Wednesday, December 26, 2007

China Illegal Power Plants and Coal Mines

I could never get my sons to do what I wanted, but I thought if I was a communist totalitarian government I would be able to get edits complied with. Is it possible that in China an illegal coal fired power plant is being built every day? Over 300 a year?
Illegal Power Plants, Coal Mines In China Pose Challenge for Beijing Wall Street Journal December 27, 2006 article by Shai Oster.

■ “China's out-of-control demand for energy”
■ China “central government discovered that Inner Mongolia had illegally built about 10 power plants, or 8.6 gigawatts of electricity-generating capacity -- equal to about a 10th of the United Kingdom's total capacity”
■ “The illegal plants … stand out as polluters even in an industry that is one of China's leading sources of emissions”
■ “demand for … coal … has spawned thousands of illegal coal mines that have contributed to more than 4,000 coal-mining deaths in China this year”

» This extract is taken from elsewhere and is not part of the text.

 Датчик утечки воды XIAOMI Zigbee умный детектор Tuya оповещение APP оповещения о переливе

■ “One fifth of the power plants in China are illegal, according to government estimates -- enough to light up all of the U.K. While the electricity they supply is essential to power China's growth, the uncontrolled manner in which they are multiplying, often under the protection of local authorities, poses a challenge to Beijing's authority and its grip on energy policy.”
■ “The central government is likewise finding it hard to crack down on illegal coal mines. In past years it has shut down thousands of mines -- only to see thousands more spring up in their place. The primary reason: the soaring profits to be made from selling coal to China's power plants are a powerful temptation.”

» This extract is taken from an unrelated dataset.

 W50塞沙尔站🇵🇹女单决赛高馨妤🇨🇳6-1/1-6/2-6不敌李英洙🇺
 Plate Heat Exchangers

■ “construction continues today at the Xinfeng plant nearly a year after Beijing ordered it stopped”
■ “5,938 coal miners were killed in accidents, mostly in smaller, illegal mines. Such accidents are so commonplace here that only the larger ones rank as news.”
■ “Coal is one of the biggest pollution sources in China”
■ “Coal consumption initially crept up slowly, to around 1.5 billion metric tons a year in the mid-1990s, from just under one billion metric tons a year a decade earlier. Last year, however, China consumed about 2.2 billion metric tons of coal, one-third of the world's total and more than any other country.”
■ “Natural gas, which burns more efficiently and causes far less pollution, has proved too expensive to compete effectively”
■ “Smaller, often inefficient, and dangerous mines account for about a third of China's coal production. They are so important to meeting its energy needs that the central government recently delayed plans to improve safety by shuttering many of them.”
■ “In 2003 and 2004, massive power shortages in the south led to rolling blackouts. Local authorities across China decided to build power plants, often illegally, to keep their local economies humming.”
■ “Mr. Yan's hometown in the mountains of Hunan didn't have electricity until 1990. At first, his house had one light bulb. Now, the money he earns from construction has paid for a television, washing machine, refrigerator and air conditioning, a pattern repeated in millions of homes across China as people get richer.”